The foundation principles of Splunk ITSI was to leverage the power of our platform and maximize the value you can get from not only the machine data indexed but also from all the flexibility and fast time to value we’ve already proven that we can deliver on. Our platform and Splunk ITSI can scale to index terabytes of data (in the Cloud and On-premise) and it does not require months of implementation. Additionally, the solution is flexible – you can customize your insights on-the-fly and on-demand. As your IT and business needs evolve you can customize your views in Splunk ITSI to gain real-time insights into these new performance and business indicators/needs. The ability to interact with the data on-the-fly without costly customizations is a huge plus.
Secondly, we wanted to surface the analytics capabilities to enable machine-data driven monitoring. The solution uses machine learning to detect anomalies, identify baselines and have the system dynamically adapt thresholds. You can proactively notify events thru pre-defined cross KPI correlations and there’s more. Essentially, we’re transforming the approach to monitoring with analytics driven by machine data.
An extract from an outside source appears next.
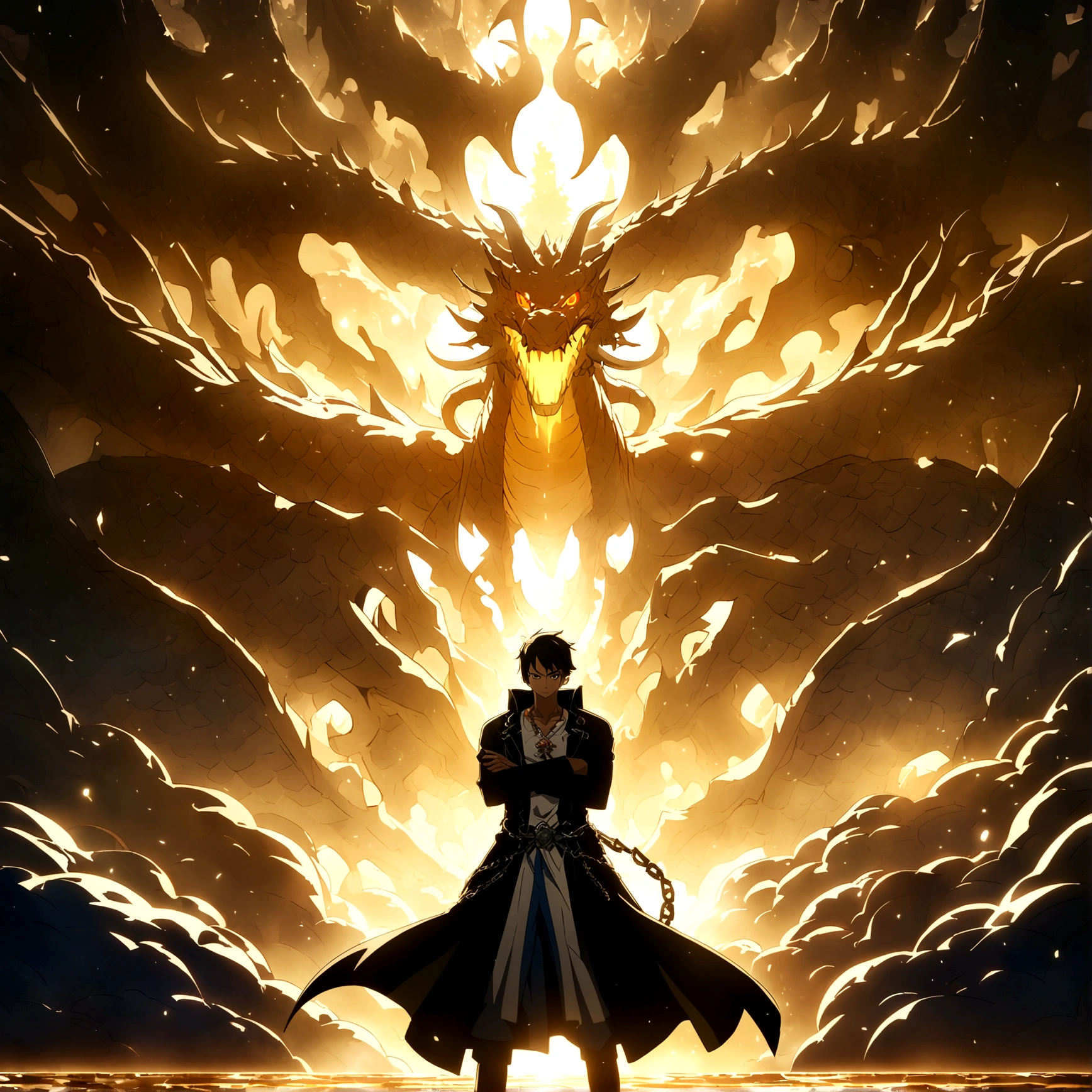  boy, brown skin, short black hair with blue gradient, orange right eye, blue left eye, dragon tattoos all over the body, dragon earring, black coat with dragons, chain with dragon pendant, crossed arms, arrogant expression, "One Piece-inspired features, full of dramatic and incredible lighting, dramatic lighting, infused with creative details, ultra-fine 2D design, scenery bathed in creativity, bathed in creativity, boasting HD anime resolution clarity, HD anime graphics, high-octane rendering"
Lastly, and very much to the response of our customers, we wanted to redefine the role of IT as being strategic to the business. For the longest time, there has been a persisting need for IT to align with the business. With Splunk ITSI, we enable both IT and the business stakeholders of various services to gain real-time insights into critical performance indicators, in a way that makes most sense to them.
With ITSI, we’re fast tracking how you get insights into your services and key performance indicators, whether that insight is focused on individual technology silos or services, micro-services, applications or business processes using a platform you already love.